The Seattle Education Association for teachers and substitutes have a tentative pact with the district to also shut down on this day to shed light on the suffering school districts. Douglas Harman, executive director of finances for the district, said, “Seattle doesn’t have the choice except to shut down.”
The schools are shutting down in order to bring public attention and sympathy to the legislative decision passed last spring to cut the $1 billion from state education funding, as well as reducing teacher salaries another 2 percent and principal salaries 3 percent.
The district actually has a larger budget this year than it did last year, but it is being forced to make more cuts because their enrollment and expenses are both dramatically increasing, outstripping revenue.
School doesn’t start until September 7, but the day is one of training and staff activity, which will all be affected. The enrollment office will be empty and any activities scheduled for that day will have to be cancelled. According to Harman, almost no personnel will be at the schools on that day.

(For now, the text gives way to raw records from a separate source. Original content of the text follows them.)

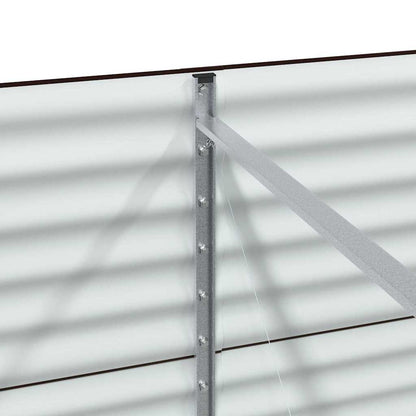 Vyvýšený Záhon Hnědá 240 X 80 X 81 Cm Ocel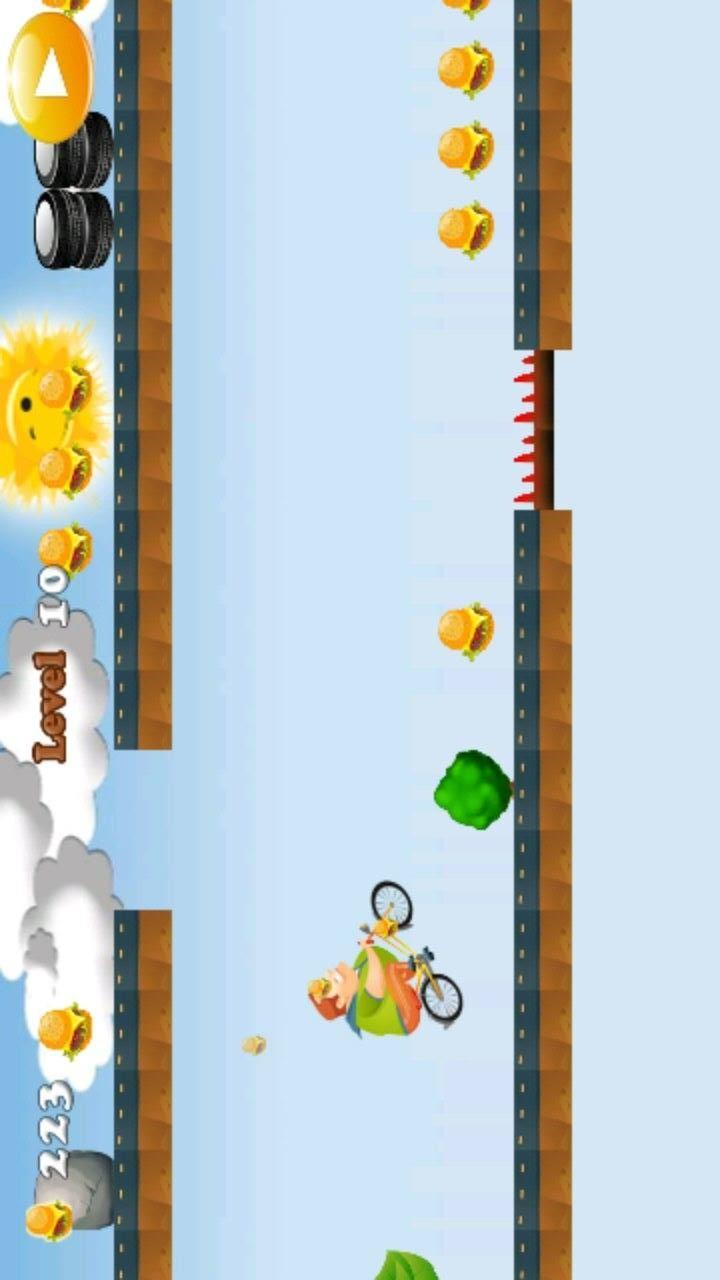 biker fat man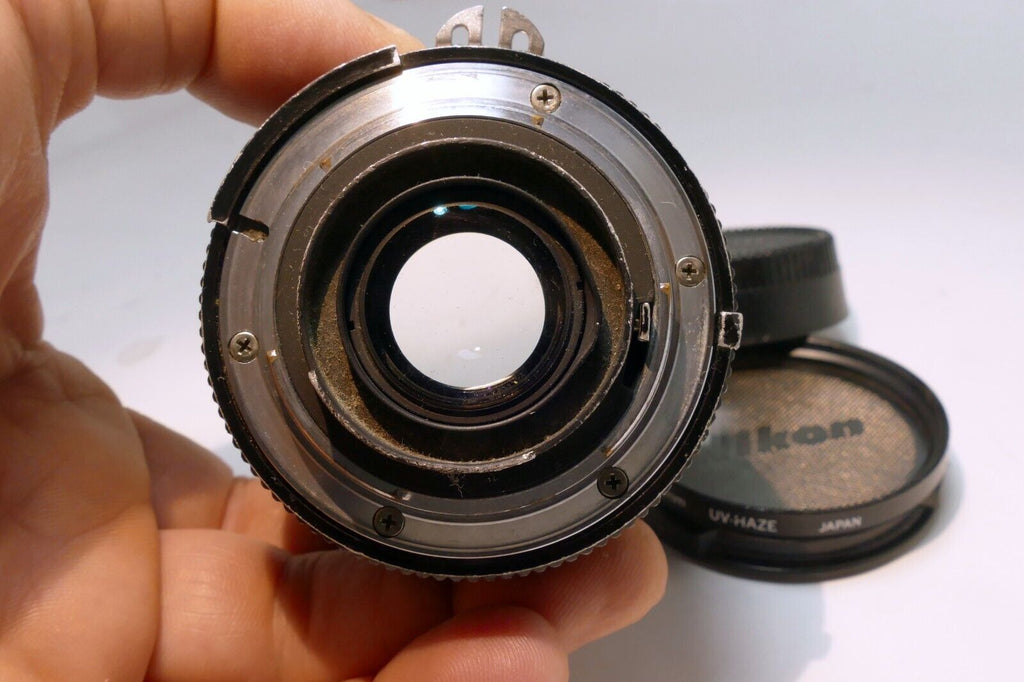 Nikon 24mm f2.8 Ai Lens prime Wide angle with fungus webbing inside - AS IS read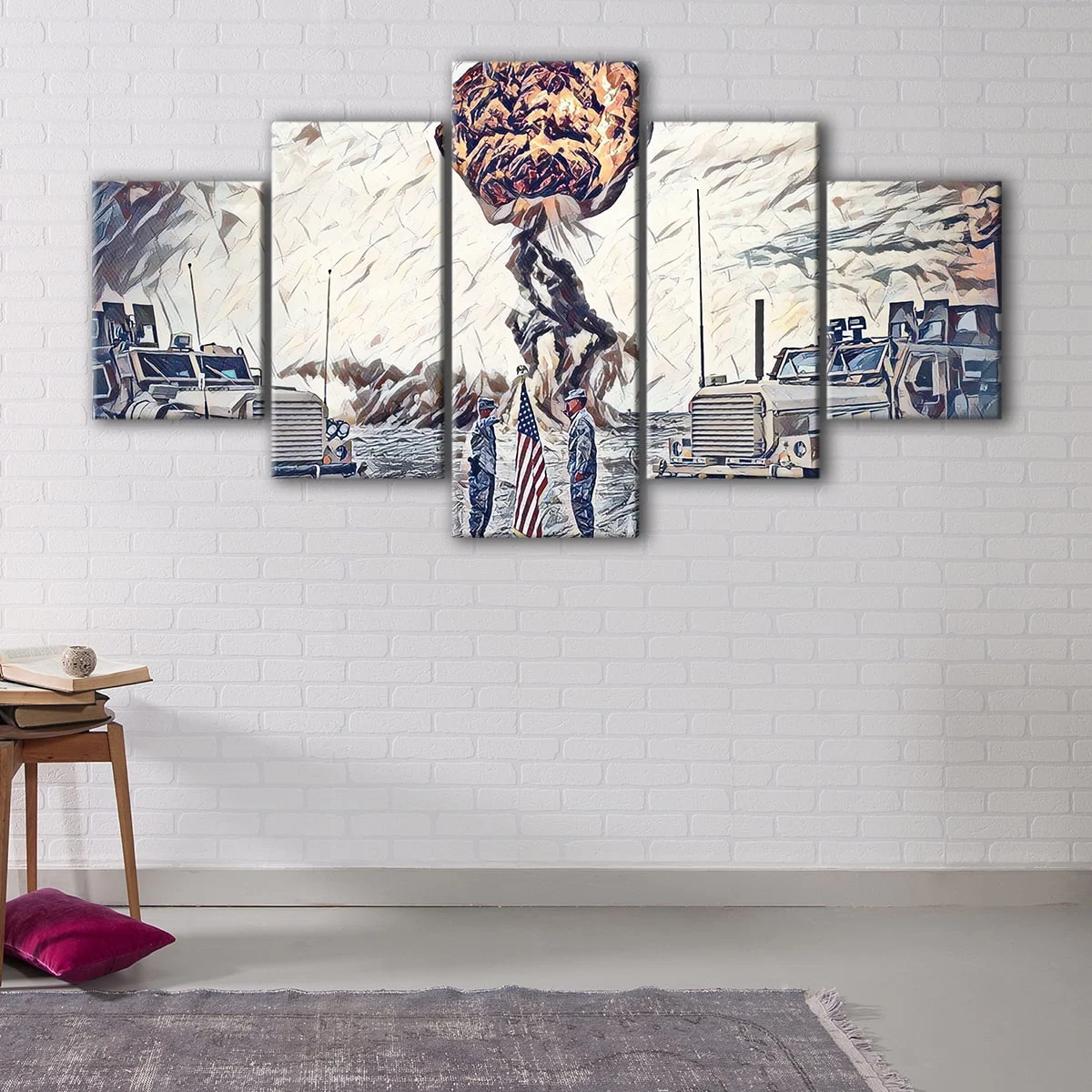 Us Army canvas art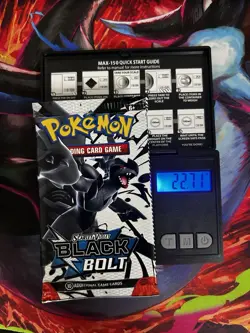 VERY HEAVY! GOD PACKUUU 22.71g Blackbolt Pokemon TCG Booster (SEALED) - Image 1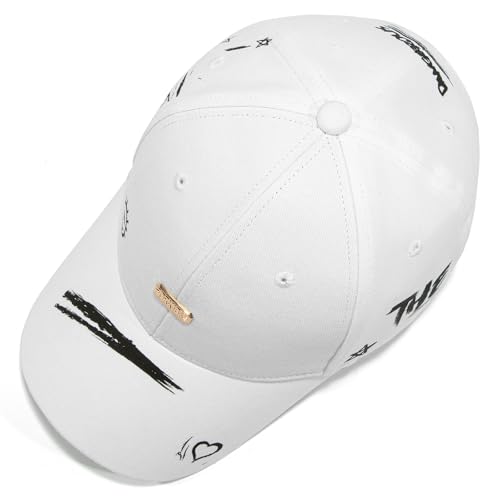 Baseball Cap for Women Men - Adjustable Size Hat - color: Soft White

The district is also shutting down halfway through a school day at an undecided day between January and February, creating an unscheduled half-day. In the time freed by this half-day, the teacher’s union and the district may go to Olympia to take their concerns before the State Legislature.
Originally the teacher’s union called for both shut-down days to be during the school year, according to Executive Director Glenn Bafia, but the district decided to hold one instead before the beginning of the year. “August 31 was the day we felt worked best… to limit the impact on the kids.”
School districts all over the state are coming up with similar solutions to the budget problems facing their individual districts. Some are absorbing the funding cut through the unpaid shut-down days only rather than cut the salary of workers.
Having been cut $4 million, the Seattle district didn’t feel that this would be an effective solution. “We did not feel that, given the reductions we’ve already made over the last three years, we could just simply… backfill for this loss in state revenues.”
The district has drawn up a possible agreement to extend to the classified staff, the teaching assistants and secretaries, who are part of the Seattle Education Association. Representatives of the classified staff will vote on possible participation in this furlough.
Luckily for teachers, the budget cut won’t hurt their salaries too badly. Before this newest cut in the education funding, both were scheduled to get a 1 percent raise. Taking that raise into account, this budget cut will negate that raise, so the maximum cut any teacher will receive is 1 percent.
The district’s pact with the Seattle Education Association is still tentative; the Association will be voting to make this agreement official on August 9.